Many are benefiting from dancing these days. This newest, yet oldest, form of exercise can be anything from the most classic ballet to the funkiest funk. Dancing, experts say, revs up your heart and makes your limbs limber until you're as elastic as capellini.
"Dance training is a great complement to any well-rounded fitness program," says Ann Marie Miller, group fitness training manager for Town Sports International in New York.
For the elderly, dance is the type of exercise that can boost your self-esteem. A recent study in the Annals of Behavioural Medicine reports people between 60 and 75 saw big improvements in their sense of self-esteem when they exercised three times a week for six months. The more they exercised, the bigger the improvements, the study found.

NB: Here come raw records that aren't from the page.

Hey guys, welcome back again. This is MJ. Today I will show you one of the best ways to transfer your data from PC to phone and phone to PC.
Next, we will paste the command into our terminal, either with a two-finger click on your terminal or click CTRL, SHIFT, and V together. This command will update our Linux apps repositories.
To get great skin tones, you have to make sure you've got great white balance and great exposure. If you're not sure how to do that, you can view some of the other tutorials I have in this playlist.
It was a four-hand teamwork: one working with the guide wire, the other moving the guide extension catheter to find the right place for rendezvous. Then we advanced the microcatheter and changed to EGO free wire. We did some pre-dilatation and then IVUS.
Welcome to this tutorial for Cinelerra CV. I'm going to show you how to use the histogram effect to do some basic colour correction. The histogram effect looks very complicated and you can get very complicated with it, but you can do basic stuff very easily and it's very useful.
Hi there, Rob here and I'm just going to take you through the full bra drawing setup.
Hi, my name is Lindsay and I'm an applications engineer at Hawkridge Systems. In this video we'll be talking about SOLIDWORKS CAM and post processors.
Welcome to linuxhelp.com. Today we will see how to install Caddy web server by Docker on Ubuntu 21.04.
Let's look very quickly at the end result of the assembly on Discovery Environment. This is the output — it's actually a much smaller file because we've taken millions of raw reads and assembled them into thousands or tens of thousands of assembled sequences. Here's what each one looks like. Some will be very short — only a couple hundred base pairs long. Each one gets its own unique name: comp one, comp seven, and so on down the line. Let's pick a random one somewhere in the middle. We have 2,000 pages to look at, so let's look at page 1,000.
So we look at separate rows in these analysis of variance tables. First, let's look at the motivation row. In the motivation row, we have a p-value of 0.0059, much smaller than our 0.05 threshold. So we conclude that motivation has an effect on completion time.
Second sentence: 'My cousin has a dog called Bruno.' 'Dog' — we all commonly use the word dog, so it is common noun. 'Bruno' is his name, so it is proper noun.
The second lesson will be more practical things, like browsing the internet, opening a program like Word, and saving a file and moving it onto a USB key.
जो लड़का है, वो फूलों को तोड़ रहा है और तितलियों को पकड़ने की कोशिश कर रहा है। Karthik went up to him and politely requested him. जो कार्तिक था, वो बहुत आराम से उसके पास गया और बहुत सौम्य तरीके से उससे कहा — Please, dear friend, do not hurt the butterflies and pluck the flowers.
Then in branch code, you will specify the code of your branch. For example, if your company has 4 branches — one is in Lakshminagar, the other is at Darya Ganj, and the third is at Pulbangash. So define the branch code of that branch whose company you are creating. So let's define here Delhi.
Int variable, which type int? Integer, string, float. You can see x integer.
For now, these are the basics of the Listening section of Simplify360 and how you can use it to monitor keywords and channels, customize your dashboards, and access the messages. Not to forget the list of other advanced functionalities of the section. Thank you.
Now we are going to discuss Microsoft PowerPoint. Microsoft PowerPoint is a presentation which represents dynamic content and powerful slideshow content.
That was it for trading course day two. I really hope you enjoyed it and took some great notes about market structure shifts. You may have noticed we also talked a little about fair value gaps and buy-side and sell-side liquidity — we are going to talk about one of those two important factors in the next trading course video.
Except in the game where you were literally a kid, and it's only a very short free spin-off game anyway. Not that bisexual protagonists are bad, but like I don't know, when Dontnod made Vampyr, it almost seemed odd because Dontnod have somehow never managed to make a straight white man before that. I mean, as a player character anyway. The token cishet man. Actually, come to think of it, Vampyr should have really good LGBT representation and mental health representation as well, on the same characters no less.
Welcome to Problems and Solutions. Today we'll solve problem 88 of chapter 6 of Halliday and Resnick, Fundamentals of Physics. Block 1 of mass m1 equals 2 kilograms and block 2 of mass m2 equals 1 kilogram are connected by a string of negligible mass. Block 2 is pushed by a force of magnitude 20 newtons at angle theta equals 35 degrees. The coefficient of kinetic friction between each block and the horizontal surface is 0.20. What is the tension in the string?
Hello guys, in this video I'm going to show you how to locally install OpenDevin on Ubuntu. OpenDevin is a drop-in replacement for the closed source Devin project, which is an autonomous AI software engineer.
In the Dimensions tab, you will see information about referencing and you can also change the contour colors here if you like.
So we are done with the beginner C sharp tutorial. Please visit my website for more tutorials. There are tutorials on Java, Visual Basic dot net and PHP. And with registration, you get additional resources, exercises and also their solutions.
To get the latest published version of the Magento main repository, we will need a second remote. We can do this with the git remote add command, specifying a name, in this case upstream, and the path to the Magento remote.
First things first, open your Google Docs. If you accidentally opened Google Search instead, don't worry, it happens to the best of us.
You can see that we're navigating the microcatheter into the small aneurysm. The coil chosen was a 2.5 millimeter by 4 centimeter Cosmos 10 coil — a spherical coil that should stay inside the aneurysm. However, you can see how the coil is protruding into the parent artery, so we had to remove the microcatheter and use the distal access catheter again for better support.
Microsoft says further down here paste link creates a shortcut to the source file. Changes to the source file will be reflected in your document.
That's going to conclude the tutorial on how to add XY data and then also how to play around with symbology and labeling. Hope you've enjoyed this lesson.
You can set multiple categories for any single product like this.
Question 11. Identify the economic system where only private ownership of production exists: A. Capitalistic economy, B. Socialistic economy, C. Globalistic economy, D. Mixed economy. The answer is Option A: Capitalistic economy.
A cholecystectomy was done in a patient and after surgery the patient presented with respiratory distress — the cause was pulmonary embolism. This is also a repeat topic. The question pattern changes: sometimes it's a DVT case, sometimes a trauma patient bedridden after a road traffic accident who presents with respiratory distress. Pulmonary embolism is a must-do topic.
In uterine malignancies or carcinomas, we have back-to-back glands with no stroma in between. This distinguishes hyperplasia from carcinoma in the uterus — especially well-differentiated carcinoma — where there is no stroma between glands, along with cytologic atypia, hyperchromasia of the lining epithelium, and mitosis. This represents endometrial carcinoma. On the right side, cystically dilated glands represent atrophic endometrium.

Rockin' to the beat will also reduce your chances of a second heart attack, says a recent study in Circulation: Journal of the American Heart Association. Dancing and other types of exercise following a heart attack reduce your risk of another attack by 80 percent; you reduce your risk of dying by 89 percent.
For dancing to work, you need to exercise continuously for 20 minutes to 60 minutes with your heart at 50 percent to 80 percent of your target heart rate, Miller says. An aerobics class will do that, with fairly simple, short dance routines that are repeated quickly to keep your heart rate up.
Classic ballet, with its frequent stops for learning new steps and movements and stretching won't push your heart as hard, but it provides other benefits, Miller says. A big one is flexibility; dancers stretch their bodies all kinds of ways. Posture and body alignment can also improve through classic ballet. And the centre section of your body will be strengthened.
"So you can really maintain balance when you're performing those pyrotechnic moves," Miller explains.
Polka and swing dancing will push your heart rate up enough so you can consider the exercise aerobic, Miller says, but also popular today are "hybrid" exercise classes, like funk or Latin dancing that teach relatively simple steps but keep you moving.
An African dance class at Miller's centre uses live drummers and instructors dressed in full theatrical costume.
"It's a lot of fun," Miller says. "It's a very exciting, theatrical atmosphere - like being on stage in The Lion King in class."
Fun is the operative word here.
Physical education courses nationwide are diversifying to include dance classes, largely to encourage kids to see exercise as fun - and something they'll want to pursue on their own once class is over.
For just about everyone, dance adds variety, Miller says, and can be a great way to cross-train.
The whole aerobics movement began in the late '60s and early '70s, Miller says, but even before that people danced for fun and, in the process, exercised. There was ballroom dancing, social dancing, dancing for self-expression, she explains.
"We've kind of come full circle," Miller says, "because historically, people have always been involved in dance - since the beginning of time."